With the General Election looming up in the not too distant future, at last Gordon Brown decided to throw the towel in and resign. His cabinet colleagues decided it would be a worthy gesture to name a railway locomotive after him.
So Alastair`Darling´ (he of the magnificent eyebrows) went from Whitehall to the National Railway Museum at York, to investigate the possibilities.
"We have a number of locomotives at the NRM without names," a specially sought NRM consultant told the Chancellor. "Mostly freight locomotives though."
"Oh dear, that’s not very fitting for a prime minister," said Alastair, "How about that big green one, over there?" he said, pointing to no. 4472.
"That’s already got a name,” said the consultant. "It’s called `Flying Scotsman´."
"Oh. Couldn’t it not be renamed?" asked Darling. "This is a national museum after all, funded by the taxpayer."
"I suppose it might be considered," said the NRM consultant. "After all the LNER renamed a number of their locomotives after directors of the company, and even renamed one of them The Peter Mandelson Express."
"That’s excellent,” said Alastair Darling, "So that’s settled then. Let’s look at renaming 4472. But how much will it cost? We can’t spend too much, given the expenses scandal!"
Well, said the consultant, "We could always just paint out the `F´"

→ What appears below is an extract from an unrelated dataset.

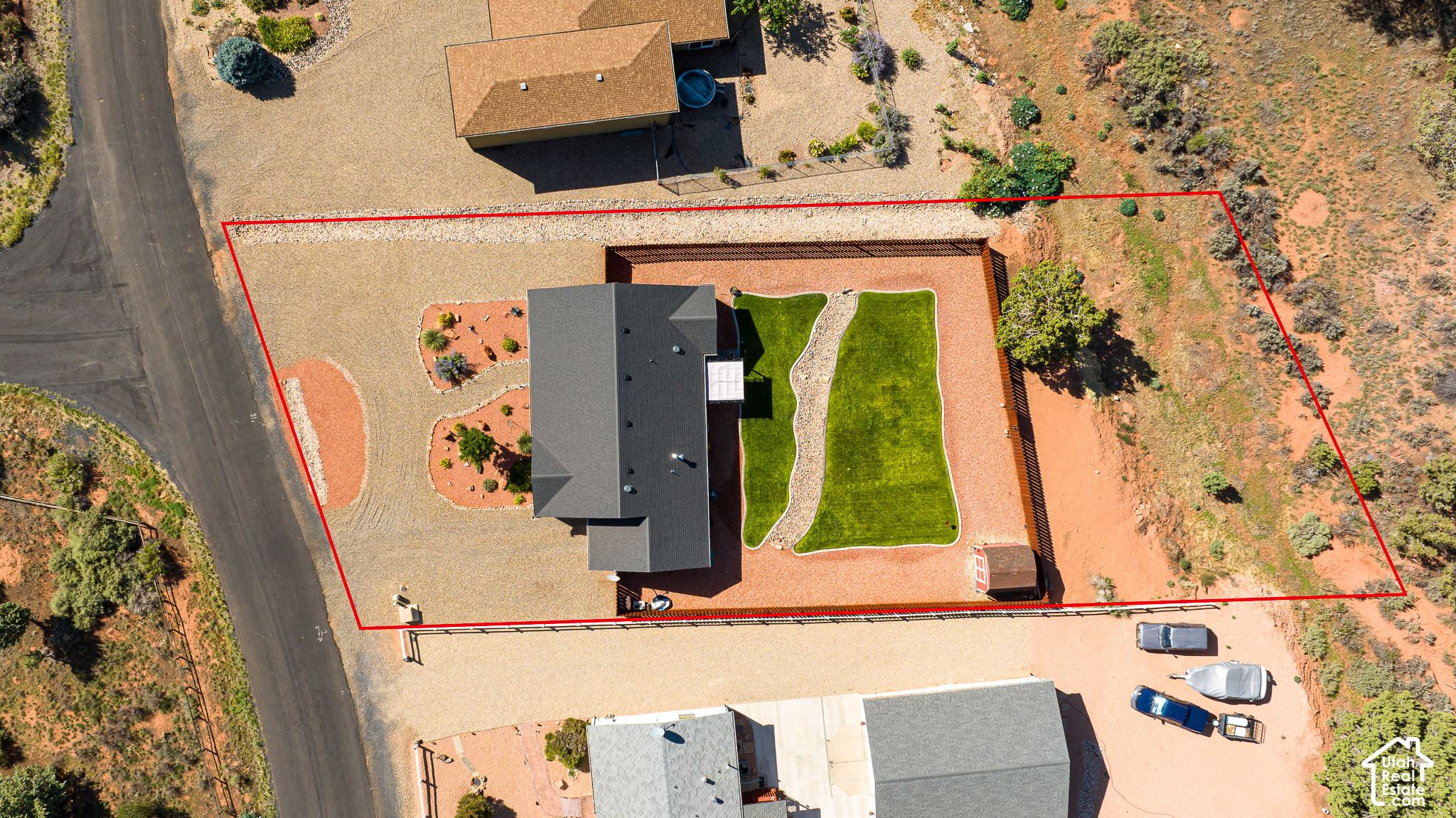 main property photo 32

Jack Sprat was broke and flat, his wife had not a bean,
And so each stood for Parliament, (North) (South) Gretna Green.
Now since they are in Westminster, they now have high pretences,
They were soon shown how to make a load, by fiddling their expenses.
They charged for every platter, all their food and all their drink,
With a "Hazel-Blears-type mortgage, a Jacqui-Smith -sized sink.
They piled the money in their bank, in that they were most zealous,
It would make old Midas's eyebrow raise and Croesus to feel quite jealous.
Their fortunes soared as fees flew in, receipts were wild and weird,
For their Scottish home a second house in Frome,
With both moat and duck pond cleared.
Soon Thomas Legg their cash does beg, but Spratts are sitting pretty,
Its "within the rules" so they've made fools of ' Standards ' House committee.
The PM sighed, Jack and his bride, who once just travelled steerage,
Must elevate, both Sprat and mate, ennobled in the peerage.
And these same, poor Jack and dame, now Lord and Lady we must mention,
Hold status high, and gain thereby,
A large increase in pension.
Let the moral of this story be:
Don't want to be poor? Just become an MP!!
Celibacy can be a choice in life, or a condition imposed by circumstances. While attending a Marriage Guidance Weekend, Barmy Albert and his wife, Non-Stick Nora, listened to the instructor declare, 'It is essential that husbands and wives know the things that are important to each other.' He then addressed the men, ’Can you name and describe your wife's favourite flower?' Albert leaned over, touched Nora’s arm gently, and whispered, "Homepride, isn't it?" And thus began Barmy Albert’s life of celibacy.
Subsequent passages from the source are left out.